For Linux/macOS/Azure Cloud Shell:

• Launch your preferred SSH
• Open a terminal window.
• Execute the following command, replacing <public-ip-address> with the actual public IP address of your VM and <username> with the appropriate username for your VM (often ‘azureuser’):

ssh <username>@<public-ip-address>

• If prompted, provide the password associated with the specified username on your Azure VM.
  (Recommended) If you have set up SSH key-based authentication, your SSH client should automatically handle authentication using your private key.

For Windows use PuTTY:

• Download and Install Putty
• Open Putty and in the host field type

 <username>@<public-ip-address>

• If prompted, provide the password associated with the specified username on your Azure VM.
  (Recommended) If you have set up SSH key-based authentication, your SSH client should automatically handle authentication using your private key.

• Access Granted:
  Upon successful authentication, you will be presented with a command-line interface within your Azure virtual machine.
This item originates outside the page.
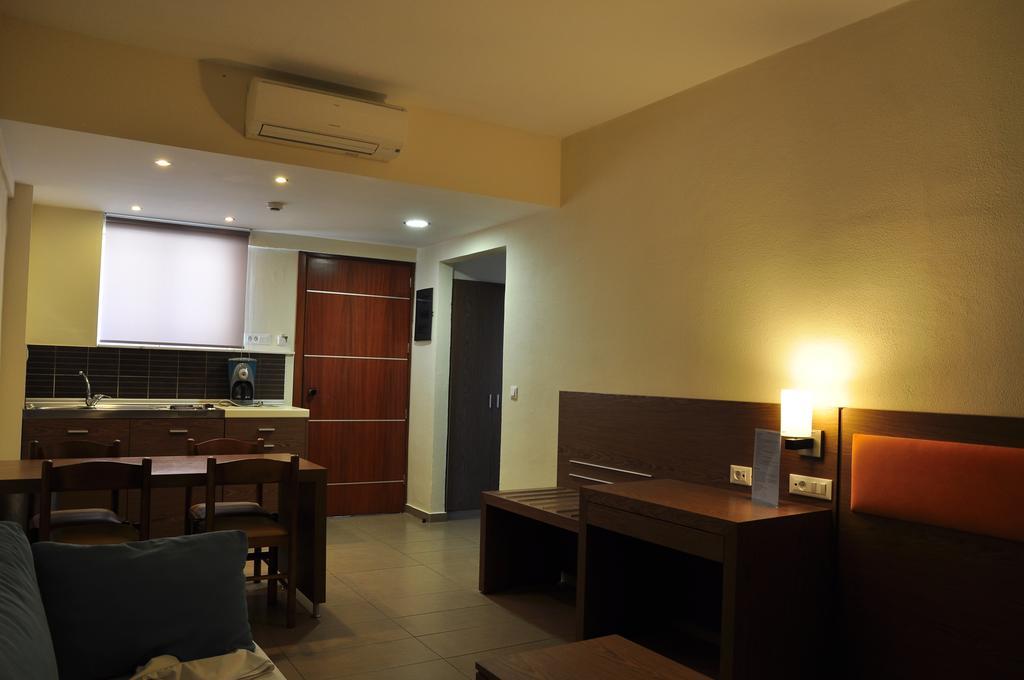 Sea Melody Beach Hotel Apartments 伊利索斯 客房 照片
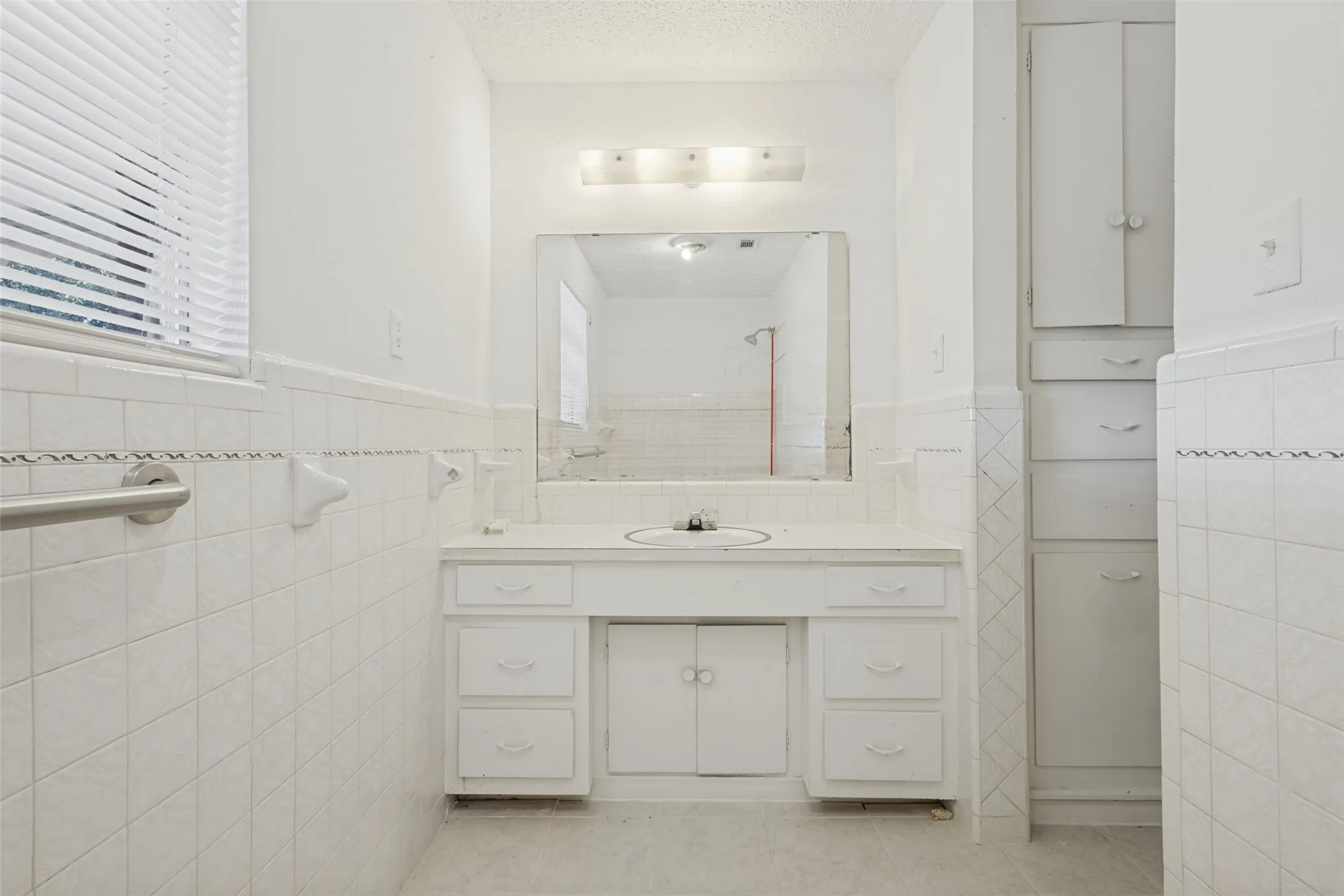Single Family Residence For Rent in Collin County , 610 S Rike Street, Farmersville, Texas 75442, 3 Bedroom, 2 Bathroom, 1 Garage spaces, 1,318 Sqft, built in 1975, mls#21350392, Real Estate Agent in Farmersville, Homes For Rent in Collin county, Homes For Rent in Farmersville, Realtor in Farmersville Texas, Real Estate Brokerage Independent Realty Texas, Luminita Cordes Realtor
You can now execute commands and manage your VM remotely.

Important Considerations:

• Network Security Group (NSG): Ensure that your VM’s Network Security Group allows inbound traffic on port 22 (SSH).
• SSH Key-Based Authentication: It is strongly recommended to set up SSH key-based authentication for enhanced security.
• Azure Bastion: For a more secure and managed way to connect to your Azure VMs over SSH, consider using Azure Bastion.